In particolare, l’art. 9 del decreto legislativo 23 del 2015 prevede che, nei confronti di tali lavoratori, trovi applicazione il medesimo regime di tutele previsto per i dipendenti delle imprese di maggiori dimensioni, con due significative differenze: è esclusa la reintegrazione nell’ipotesi del licenziamento disciplinare dichiarato illegittimo per insussistenza del fatto materiale e la tutela economica risulta sostanzialmente dimezzata.
Vale a dire che, in caso di licenziamento illegittimo di un lavoratore occupato presso un datore di lavoro minore, la reintegrazione varrà solo nelle ipotesi di licenziamento discriminatorio, nullo, orale e per motivo consistente nella disabilità fisica o psichica del lavoratore .

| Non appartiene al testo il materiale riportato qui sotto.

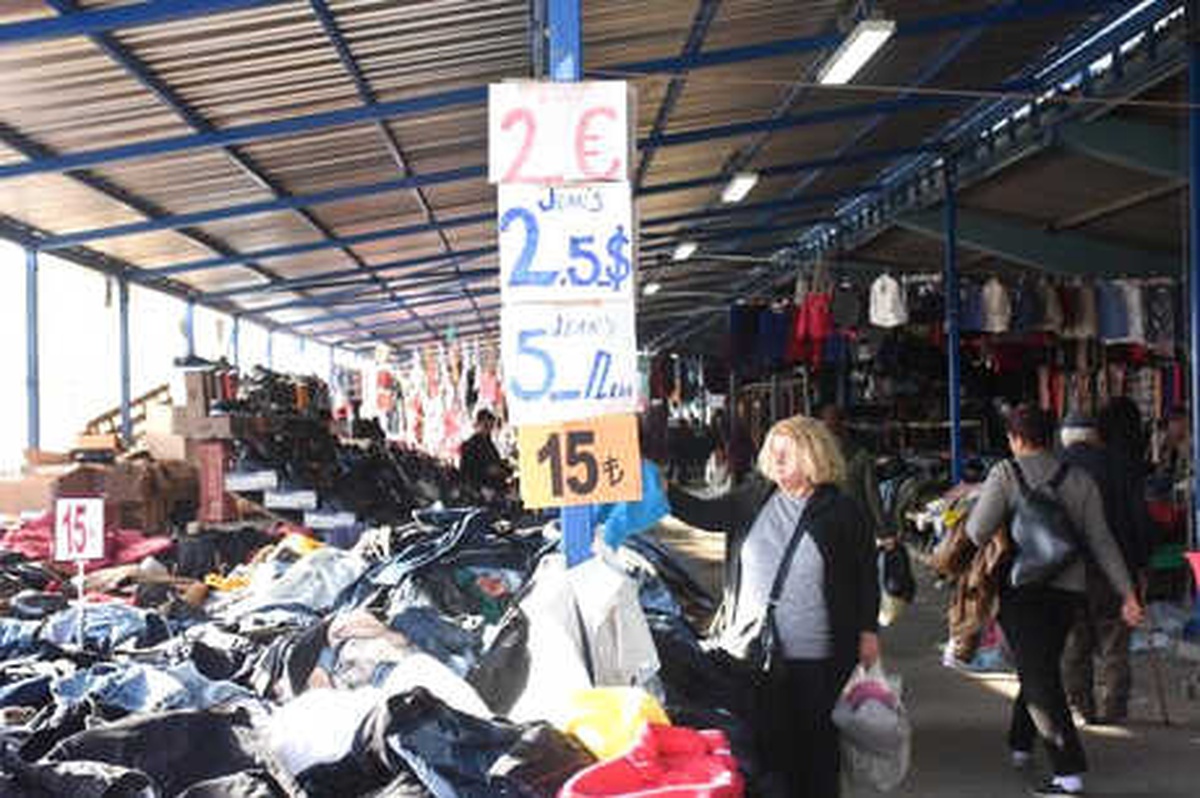 3 Milyon Turistin Geldiği Edirne\'de \'Beyaz Geceler\' Atağı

Il decreto legislativo 23/2015 introduce una nuova procedura conciliativa, finalizzata a rendere più rapida la definizione del contenzioso sul licenziamento, che prevede l’immediato pagamento di un indennizzo da parte del datore di lavoro.
Per incentivare questo tipo di soluzione, il legislatore ha previsto che detto indennizzo non costituisce reddito imponibile per il lavoratore e non è assoggettato a contribuzione previdenziale.
L’accettazione dell’assegno da parte del lavoratore comporta l’estinzione del rapporto alla data del licenziamento e la rinuncia all’impugnazione del licenziamento anche qualora il lavoratore l’abbia già proposta.